On March 4, 2023, Saturday Night Live featured their in-house gay cast member Bowen Yang, playing Carson in a mock ad titled Straight Male Friend.

    The scene begins with Carson brunching with his straight girlfriends, including Heidi Gardner and Chloe Fineman, whom he toasts, one of them wondering if he will be joining them on a vacation at the Mexican resort Tulum. His other friend breaks down upon hearing the name since it was in Tulum she was to be married. Carson gladly comforts her with a hug, but turning directly to the camera, observes “as much as these girls mean to me, sometimes I need a break.


     And that’s when I discovered “Straight Male Friend,” as the camera switches its focus to a den in which Carson sits near tight-end football player Travis Kelce, that evening’s celebrity guest, the controls of a computer game in hand.

     “Straight Male Friend,” Carson continues “is a low-effort, low-stakes relationship. It requires no emotion commitment, no financial investment, and other than the occasion video game outburst, no drama.”

     Hang out with them as little or as much as want, it won’t affect the friendship, argues Carson.

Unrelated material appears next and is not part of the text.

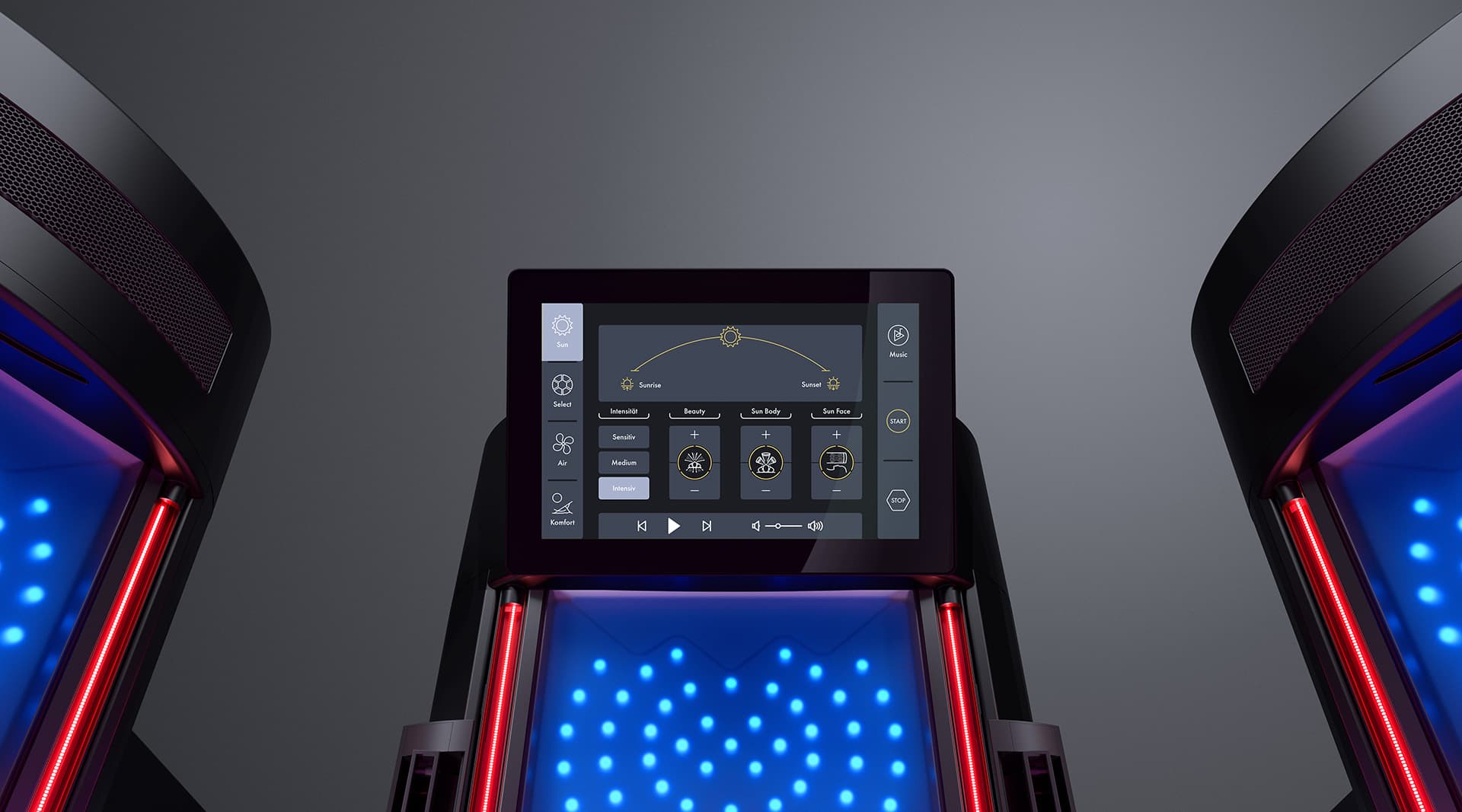 K11 Air Select FULL LED – 10 Zoll Touchscreen-Display im Members Club – Sonnenstudio & Solarium in Hamburg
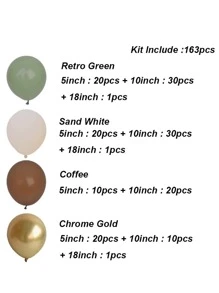 163入組咖啡棕色米色綠色氣球花藤裝飾套件,適用於嬰兒淋浴、丛林主題生日裝飾、婚禮、訂婚等場合 - 彩色 - 查看 3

   He leans forward to tell Kelce that he’s moving to Europe for seven years, the straight male, munching on chicken wings, responding, “Go! Tell me when you’re back.” Such a relationship, suggests Carson, is easy, and even if the straight make friend is having a rough time emotionally, “He’ll never bring me into it.”

      “Man, my dad died last week,” the slightly downcast straight male admits. Carson is a bit taken aback, but a few moments later, his friend waves his hands in dismissal, “It’s alright you know. You tried these wings?”

     Well, hanging out with a straight male friend isn’t perfect, Carson admits, and he may ask blunt questions about your sex life. Kelce asks, “So do gay guys like when a guy has a big one it a good or is it kind of a bad thing?”



      Carson pauses for a moment before responding, “It depends on the guy”—presumably meaning the gay guy not the one with the big cock.

     “Does straight male friend provide as rewarding relationships as my girls? No. Does straight male friend know my last name? No.”

      “So if you’re a gay guy who needs a break,” Carson continues, “come discover the casual low-effort friendship gay women have known about for years.”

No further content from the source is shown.